We Will Take a Closer Look at How This Will Work by Using The Mortgage Sample
$1,199 monthly principal and interest payment
6% interest rate
30-year fixed rate mortgage
The savings you will see will be based on the actual loan facts you have and the timing of the change.
1. Make an Extra Payment Each Year
If you can, one of the very best ways to lower the amount of mortgage you are paying each month will be to make an extra mortgage payment each year. These extra payments are applied to your principal automatically and not to the interest. This means that not only does this reduce your remaining balance, but it also means that you will not have to pay any interest on that month’s payment.
The Savings — $47,000
By making a single extra payment of $1,199 annually and applying this to your loan principal, you can save as much as $47,000 from your interest payments and reduce the life of your loan by 5 years.
2. Create Bi-Weekly Payments
Another good way to begin shaving off dollars from your loan will be to make a bi-weekly payment plan. This involves placing half of your regular mortgage payment in a savings account every other Friday, or on payday. Each month you will make a payment to your mortgage from this account.
By the end of the year, you would have made 26-biweekly payments or 13 full payments. This leaves an extra payment to be paid to the principal. Most people will manage these accounts personally, but some companies will do this for you through escrow services and they will manage payments as well.
Savings — $47,000
Same as making an extra annual payment (see above).
3. Cut your PMI
Many people will be required to pay for mortgage insurance, this is most often because they have made an initial down payment of less than 20%. If you are in this mess, you can ask that your lender cancel the mortgage insurance as soon as the mortgage balance drops below 80% of the home’s value. This can happen if you have paid a certain amount of the principal or if the value of your home suddenly increases. You may need to have your home reappraised, but this can potentially shave hundreds of dollars off your monthly payments.
Savings — $130 per month
If you have only placed 5% of the home value in your initial payment and pay a PMI of about 0.78%, you can save as much as $130 a month over your mortgage’s life.
4. Fight Your Property Assessment
Property taxes can account for many thousands of dollars each year. If you believe that the value of your home has decreased over the last year and this has not been calculated in your tax assessment, you can petition your assessor to fight the assessment. Lowering the tax assessment will greatly decrease your yearly tax payments.
Savings — Varies.
This depends on the initial and subsequent assessments. But this can potentially save you hundreds to thousands of dollars each year.
5. Recast Your Mortgage
Some lenders will be willing to restart or reset your mortgage payment plan if you have been making large regular payments toward your principal. Typically, when you put money toward your balance, the monthly payments stay the same but the length of your mortgage plan is reduced. When you reset the payment plan, the payments are reduced over the extent of the loan term.
Savings — $120 per month
Putting a full $20,000 into the loan will reset the payments to about $1,079, this saves $120 each month.
6. Loan Modification
If you are late on making payments and have been hit by financial hardship, you may be eligible for modifying the terms of the payment plan —such as the rate, principal balance, or terms— to make your payments easier to reach. The idea of this is to allow the borrower to remain in their home and continue making payments. Not everyone will be eligible for this type of payment plan, but if you are you will be able to save plenty on your regular payments. you can check if you will be eligible for a modified payment plan by checking at the Making Home Affordable website.
Savings — Varies
This can be used to reduce the interest by 2%, extend the term of your loan to 40 years, or reduce the overall principal.

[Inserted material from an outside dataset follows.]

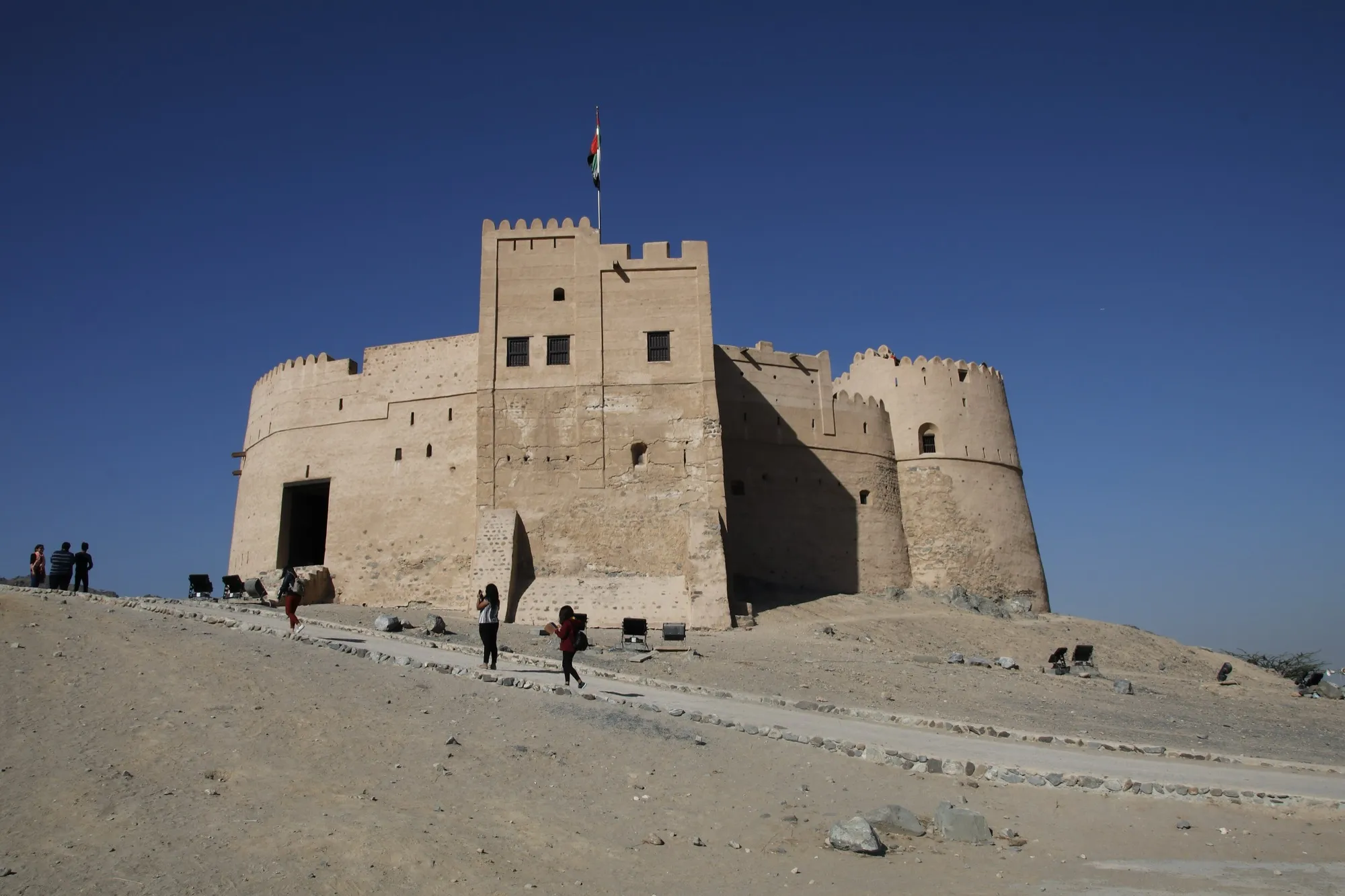 Fujairah Fort, a sand-coloured fort on a hill under a clear blue sky
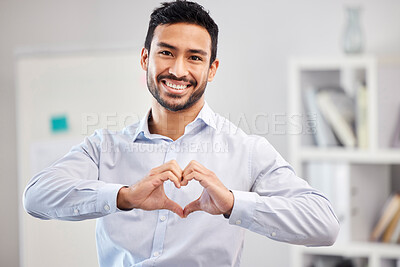 Buy stock photo Young happy handsome mixed race businessman making a heart gesture with his hands standing in an office alone at work. One hispanic male boss smiling showing love and support with a hand gesture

7. Refinance Your Mortgage
The most common way that borrowers will save a month on their mortgage payments is by refinancing their mortgage. Reducing your rate can help you lower monthly payments and save on interest payments. But there are some costs associated with this plan so it is important to do the math and make sure you will come out on top after the refinance.
Zillow Mortgage Marketplace allows borrowers to search for lenders offering the lowest rates possible. On this site, borrowers can compare rates and loan programs, and reviews. Then they can calculate their costs and decide if refinancing will save them cash in the long run. The good news is that loan rates are lower than they have ever been before and if you haven’t refinanced yet, there is no better time to do this.
Savings — $126 per month
With a reduction of 5% in your interest rate, your monthly payments will be reduced to $1,079 and this can save you $126 each month. If your refinance costs you $5,000 this will be recovered in 40 months.